Delve, a startup in crisis, breaks up with Y Combinator

The controversy over Delve appears to have cost it its relationship with compliance startups and accelerator Y Combinator.

Delve is no longer listed in YC’s list of portfolio companies, and the Delve page also appears to have been removed from the YC website. Additionally, the startup’s COO Selin Kocalar posted on X that “YC and Delve have parted ways.”

“I still remember the day of my YC interview at MIT,” Kocalar said. “We are so thankful for our community and all the founder friends we have made.”

YC isn’t the first investor to distance itself from Delve. Insight Partners also appears to have deleted posts about its investment in the company, although the primary blog post was later restored.

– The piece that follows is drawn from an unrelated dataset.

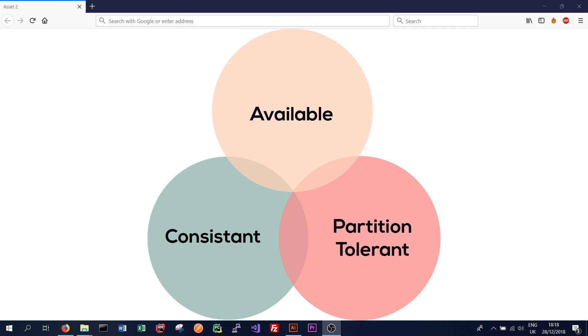So if we want to change John's car to now be a Subaru, we should always be able to make that change. We should always be able to say John's car is now a Subaru. Or from the read perspective, we should always be able to query and find out what type of car John is driving.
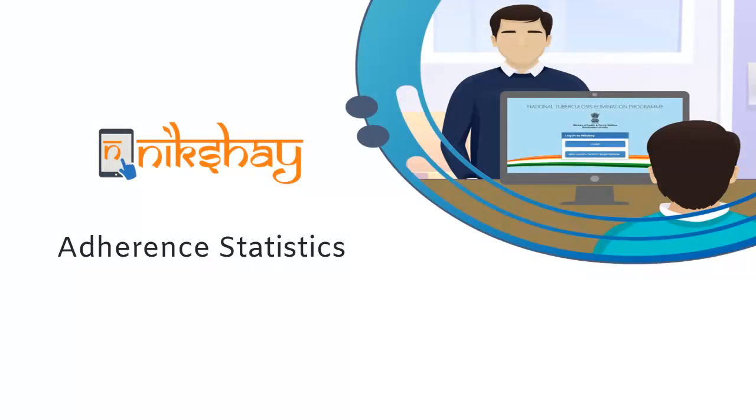This video covers the steps to view the adherence statistics in the Nikshay mobile app.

Meanwhile, Delve continues to push back against anonymous claims that it misled customers by telling them it complied with privacy and security regulations, reportedly skipping important requirements and auto-generating reports for “certified factories reporting by rubber stamps.”

The claims were first published in an anonymous Substack post by “DeepDelver,” who described himself as a former Delve customer who became suspicious after receiving leaked data about the startup client.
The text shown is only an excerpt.